WORK REQUIRED:
Pictures do not belong in the copy. Write out exactly the lines from the one containing "Yellow wooden beach hut, England" through the end of the data.

----- RECORDS TO USE

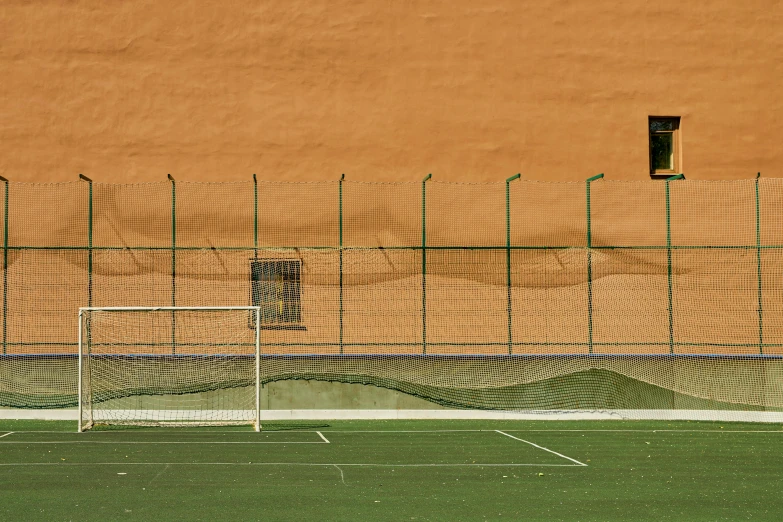 a soccer goal sitting on top of a green field, a picture, inspired by Hans Mertens, pexels contest winner, beach tennis, ocher, alessio albi, 15081959 21121991 01012000 4k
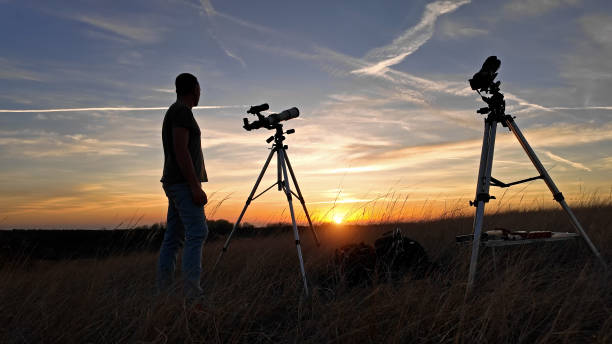 istock Amateur astronomer observing Solar eclipse and Sun with a telescope and special solar filter. 2148674014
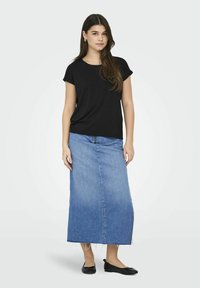 T-shirt nero a maniche corte abbinato a una maxi gonna in denim azzurro chiaro con orlo sfilacciato e zip frontale. Ballerine nere completano l'outfit.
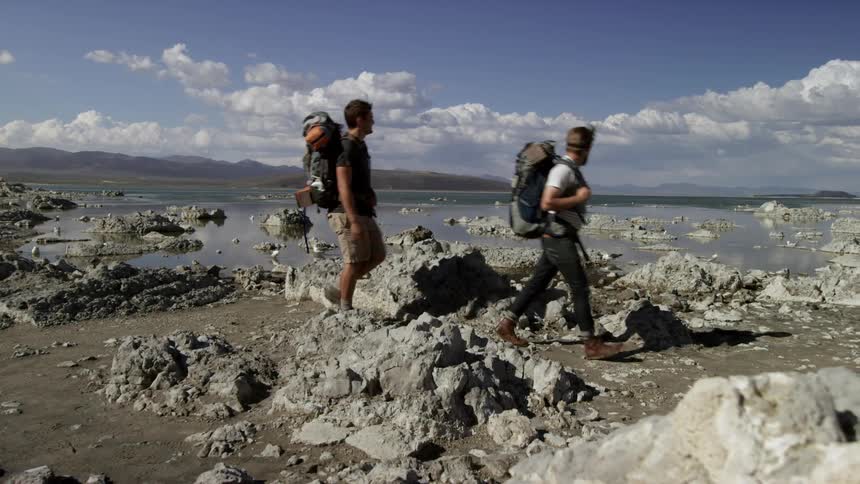 Two men walk across a tidal flat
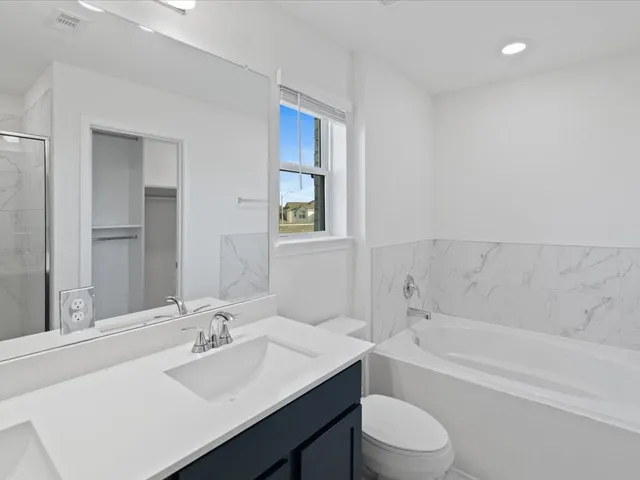 a bathroom with a granite countertop sink toilet and bathtub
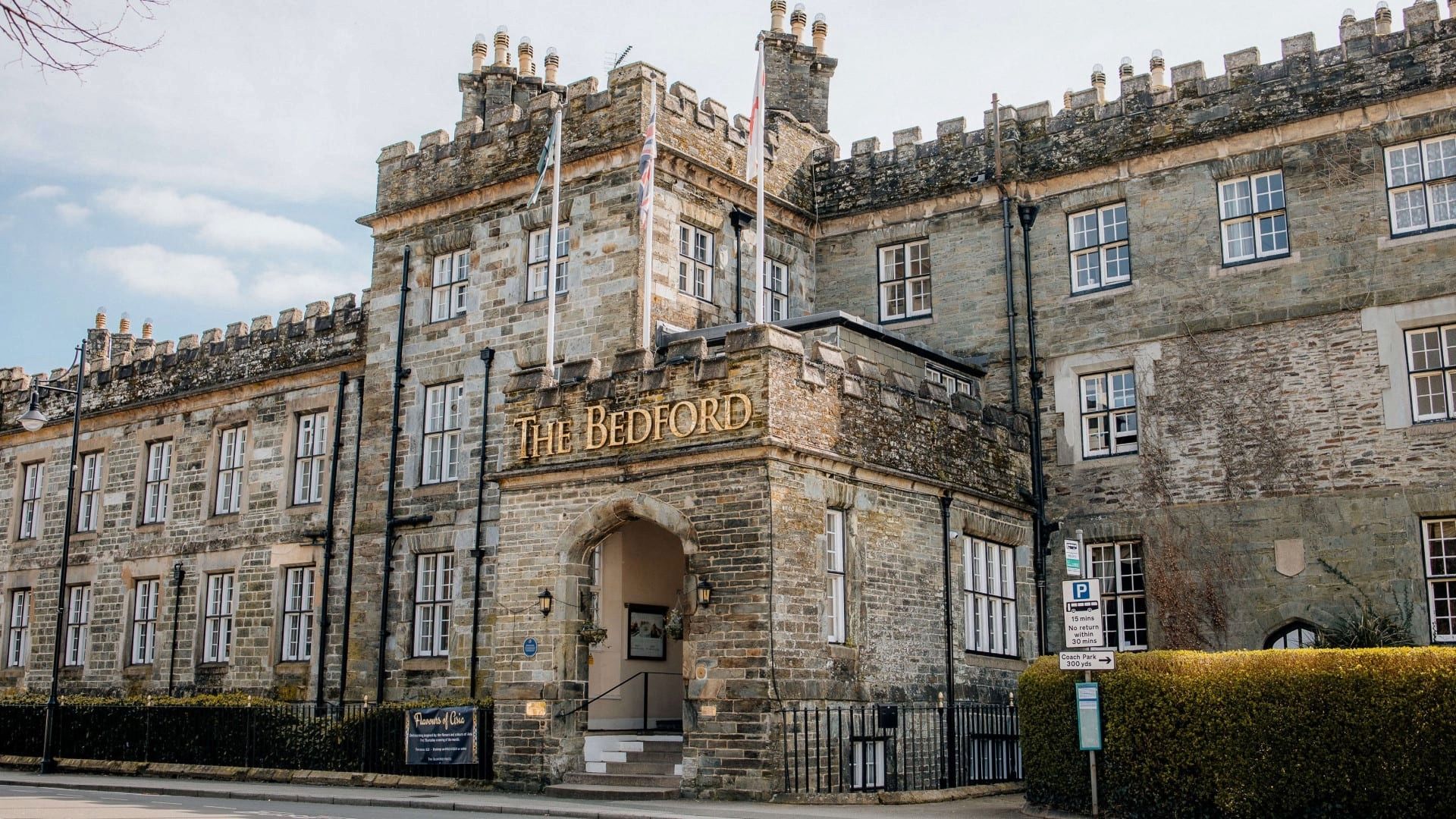Historic stone building with 'The Bedford' sign above the entrance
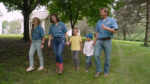 Luke peterson and family walking holding hands outisde.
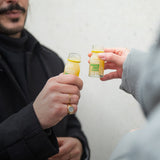 Two people toast with a Ginger Shot Classic 1SHOT in each hand.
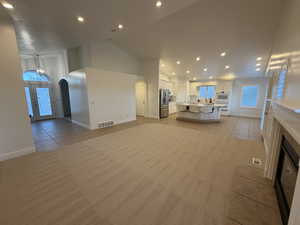 Great Room featuring light tile-patterned floors, arched walkways, recessed lighting, high vaulted ceiling, and light colored carpet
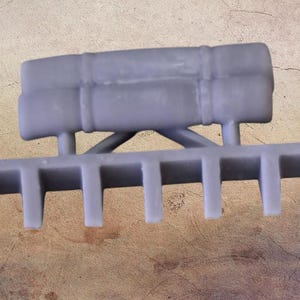 May include: A grey, 3D-printed resin miniature component featuring a horizontal bar with six downward-pointing rectangular teeth. Above the teeth, a cylindrical, log-like structure is attached by two vertical supports and a central cross-brace.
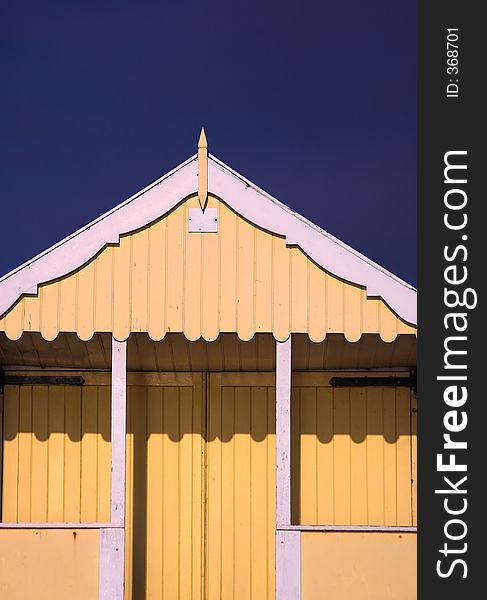 Yellow wooden beach hut, England
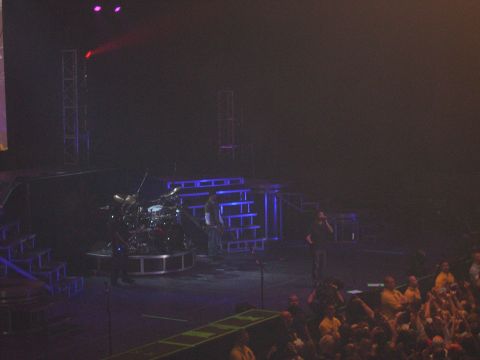 1997 Ford Probe - A concert stage is set up with a drum kit and performers, viewed from above the audience.
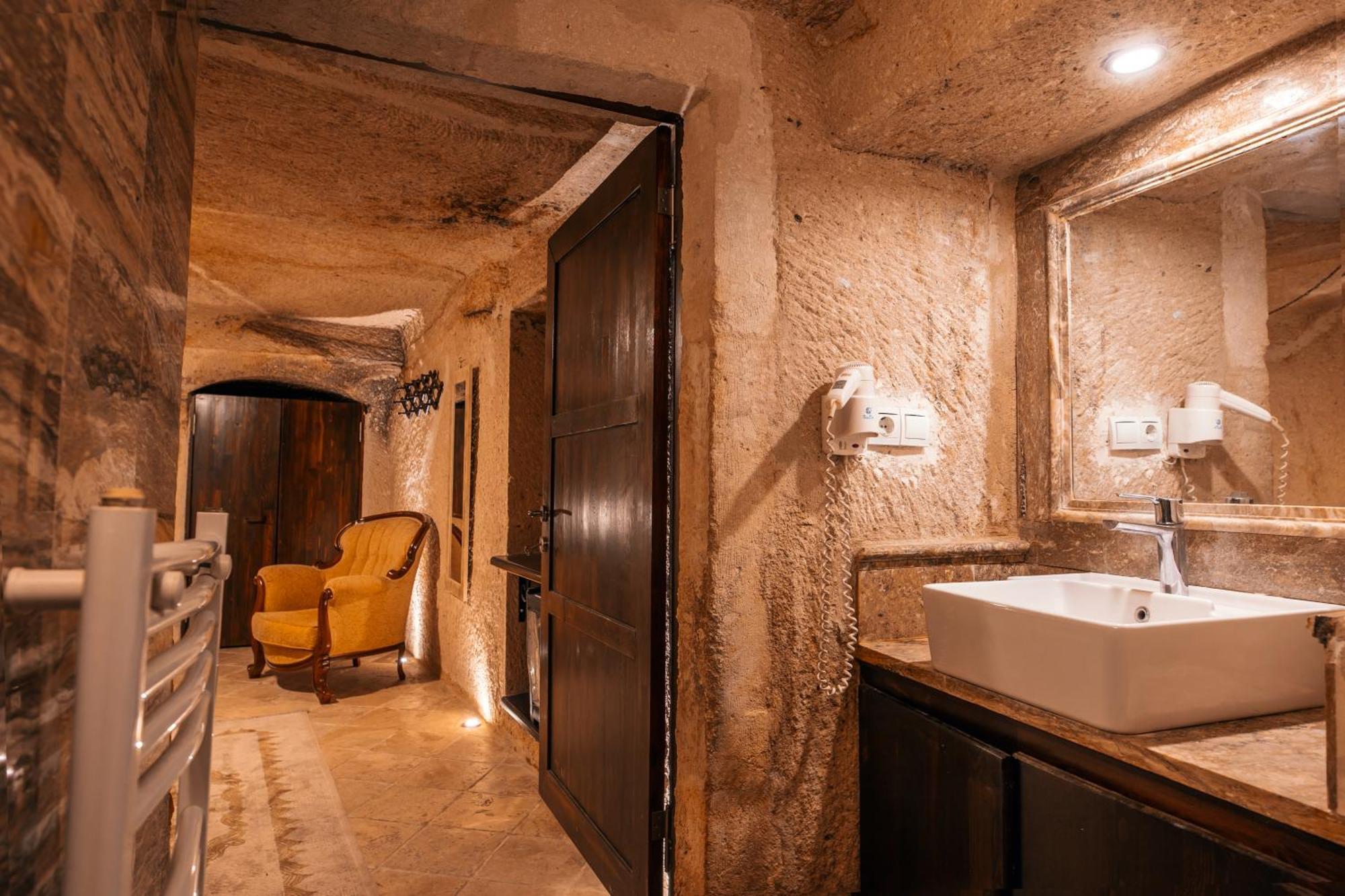 Adelya Cave Hotel Apartments Гореме Номер фото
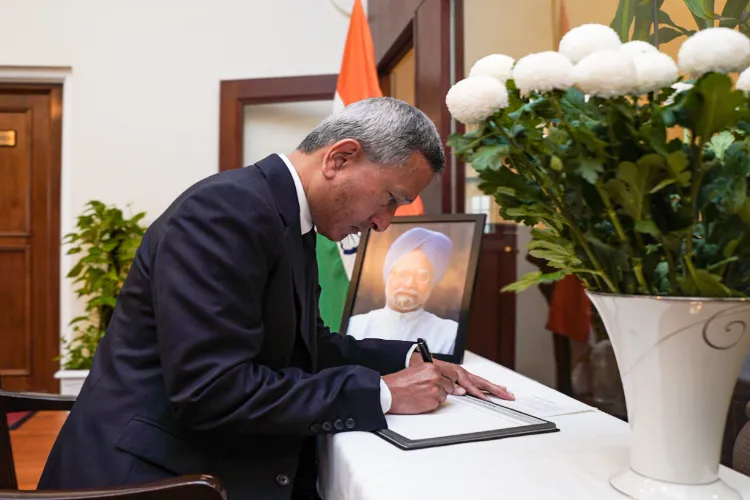 Singapore's Minister for Foreign Affairs Vivian Balakrishnan signs condolence book at Indian High Commission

----------

OUTPUT FOR THIS EXERCISE:
 Yellow wooden beach hut, England
 1997 Ford Probe - A concert stage is set up with a drum kit and performers, viewed from above the audience.
 Adelya Cave Hotel Apartments Гореме Номер фото
 Singapore's Minister for Foreign Affairs Vivian Balakrishnan signs condolence book at Indian High Commission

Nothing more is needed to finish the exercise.